Fund Management

Demand For European Equities Surges, Boosted By ECB Stimulus Hope - BoA/Merrill Lynch Poll

Mark Shapland Reporter London 16 December 2014

Demand For European Equities Surges, Boosted By ECB Stimulus Hope - BoA/Merrill Lynch Poll

The prospects of more monetary easing by the European Central Bank has helped push eurozone equities up the popularity stakes, the latest Bank of America Merrill Lynch monthly survey of investors shows.

European equities are in fashion with global investors this month, the Bank of America Merrill Lynch Fund Manager Survey for December shows.

This increase in popularity comes despite the economic difficulties the region has found itself in over the past year. Eurozone equities were investors' darling in December, recording a net 26 per cent overweight - up significantly from November's 8 per cent figure. Meanwhile, a net 19 per cent regard eurozone equities as undervalued, up from November’s net 12 per cent taking such a view.

Regional fund managers have raised their exposure to European banks in particular. A net 13 per cent are now overweighting the sector, compared to last month’s net 3 per cent underweight. The enthusiasm around the eurozone is being driven by the fact the European Central Bank is firing up a quantitative easing programme for early next year.

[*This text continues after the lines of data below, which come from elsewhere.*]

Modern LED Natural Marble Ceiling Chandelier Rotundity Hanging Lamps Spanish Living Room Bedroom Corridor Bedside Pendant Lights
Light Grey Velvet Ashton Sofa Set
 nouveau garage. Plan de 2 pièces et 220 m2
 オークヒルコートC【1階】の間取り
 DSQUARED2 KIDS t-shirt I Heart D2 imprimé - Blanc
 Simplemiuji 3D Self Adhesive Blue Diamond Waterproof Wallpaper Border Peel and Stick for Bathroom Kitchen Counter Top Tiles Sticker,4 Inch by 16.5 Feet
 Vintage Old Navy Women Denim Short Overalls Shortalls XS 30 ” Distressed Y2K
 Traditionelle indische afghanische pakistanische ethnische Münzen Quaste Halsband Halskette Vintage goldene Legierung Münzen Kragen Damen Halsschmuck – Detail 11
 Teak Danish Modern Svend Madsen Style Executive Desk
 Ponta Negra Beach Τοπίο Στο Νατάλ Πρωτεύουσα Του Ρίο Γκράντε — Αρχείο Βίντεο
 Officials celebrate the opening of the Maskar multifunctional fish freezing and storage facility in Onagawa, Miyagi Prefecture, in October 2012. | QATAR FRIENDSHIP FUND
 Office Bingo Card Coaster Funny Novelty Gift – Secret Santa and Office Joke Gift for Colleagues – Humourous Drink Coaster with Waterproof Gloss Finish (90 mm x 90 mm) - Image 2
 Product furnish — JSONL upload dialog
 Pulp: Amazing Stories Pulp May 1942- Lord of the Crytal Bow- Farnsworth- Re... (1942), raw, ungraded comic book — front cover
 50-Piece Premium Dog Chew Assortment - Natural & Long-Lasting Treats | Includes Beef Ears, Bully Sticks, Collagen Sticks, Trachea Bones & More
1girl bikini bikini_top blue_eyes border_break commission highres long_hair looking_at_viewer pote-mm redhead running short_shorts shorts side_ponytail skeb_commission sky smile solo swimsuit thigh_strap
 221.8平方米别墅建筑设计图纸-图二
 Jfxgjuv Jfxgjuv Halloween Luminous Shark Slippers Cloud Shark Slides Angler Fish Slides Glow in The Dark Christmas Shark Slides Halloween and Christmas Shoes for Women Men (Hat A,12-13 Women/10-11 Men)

“We are seeing capitulation out of energy and materials to the benefit of the dollar, cash, eurozone stocks and global tech and discretionary stocks,” said Michael Hartnett, chief investment strategist at BoA Merrill Lynch Research. “The prospect of ECB QE has brought growing consensus on European equities, but the weakening business cycle and falling commodity prices are working against true earnings recovery,” said Manish Kabra, European equity and quantitative strategist.

On the issue of oil - which has sunk in value this year, the poll showed that a net 36 per cent of fund managers view oil as undervalued following its recent price fall below $60 per barrel. This reading is up over 20 percentage points since October and represents its lowest level since 2009.

In contrast, investors have less conviction towards holding US and Japanese stocks. With the US market appearing overvalued to a strong majority of the panel, a net 10 per cent now intend to underweight it in the coming 12 months.

As a result asset allocators have hiked their cash holdings to an average 5 per cent. Moreover a net 28 per cent are now overweight cash relative to their benchmarks. This is the survey’s highest reading on this measure since June 2012.

The fund manager survey consists of 214 panelists with $604 billion of assets under management participated in the survey from 5 December to 11 December 2014.